Print all of the data below exactly as it appears, leaving out every image.

* Supplied material *
================================

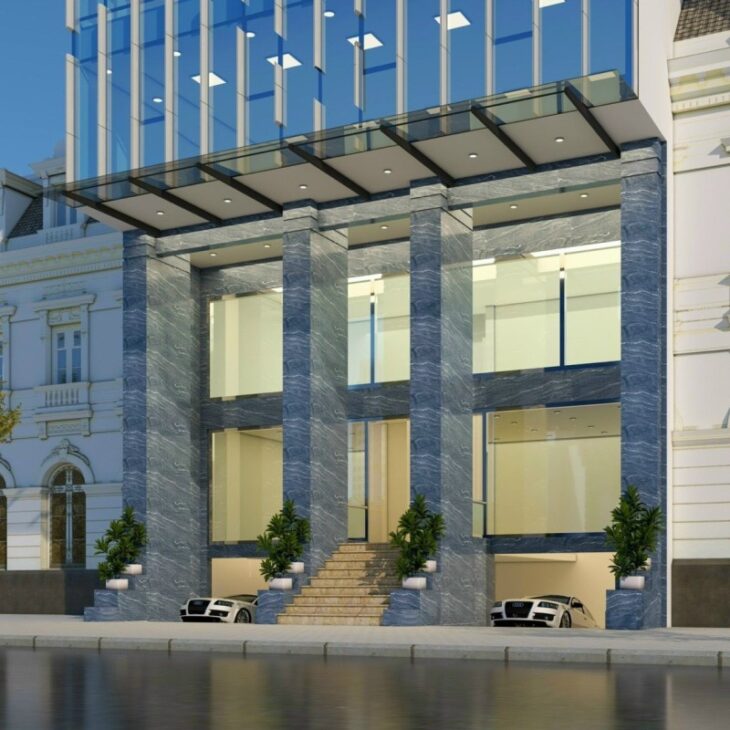 BÁN GẤP TÒA BUILDING MẶT PHỐ KHU VỰC HOÀNG QUỐC VIỆT, BƯỞI, DIỆN TÍCH 251M2, MỚI TINH 7 TẦNG NỔI,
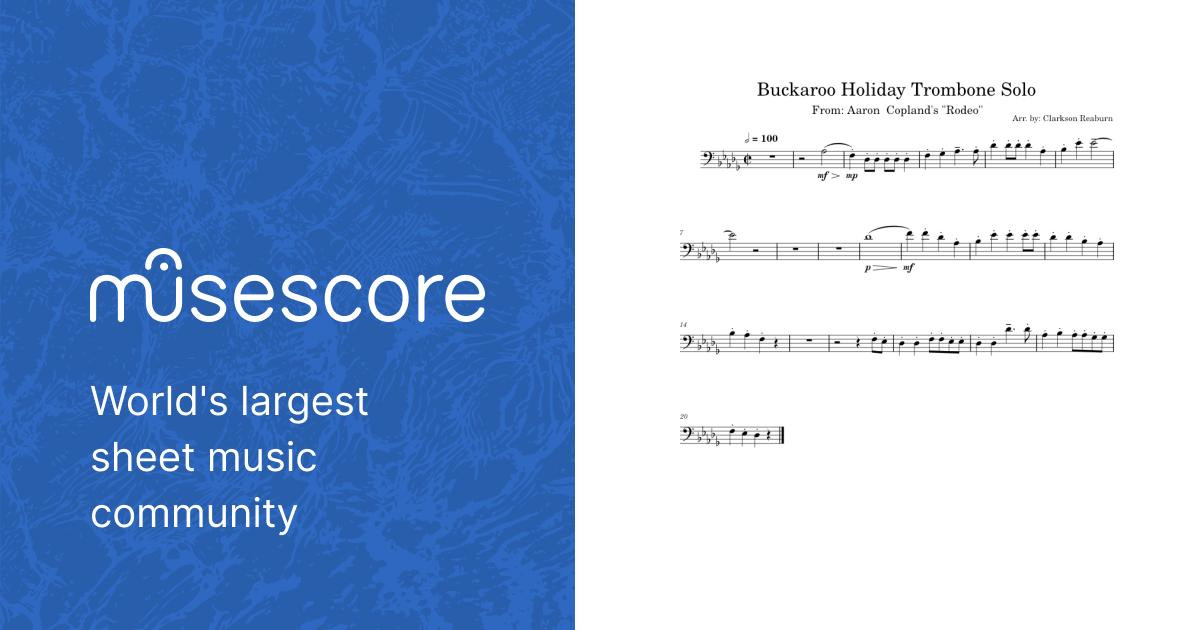 Buckaroo Holiday Trombone Solo Sheet music for Trombone (Solo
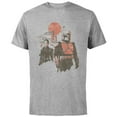 thumbnail image 1 of Star Wars The Book of Boba Fett and Fennec Shand - Short Sleeve Cotton T-Shirt for Adults - Customized-Athletic Heather, 1 of 5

================================

* Written answer *
 BÁN GẤP TÒA BUILDING MẶT PHỐ KHU VỰC HOÀNG QUỐC VIỆT, BƯỞI, DIỆN TÍCH 251M2, MỚI TINH 7 TẦNG NỔI,
 Buckaroo Holiday Trombone Solo Sheet music for Trombone (Solo
 thumbnail image 1 of Star Wars The Book of Boba Fett and Fennec Shand - Short Sleeve Cotton T-Shirt for Adults - Customized-Athletic Heather, 1 of 5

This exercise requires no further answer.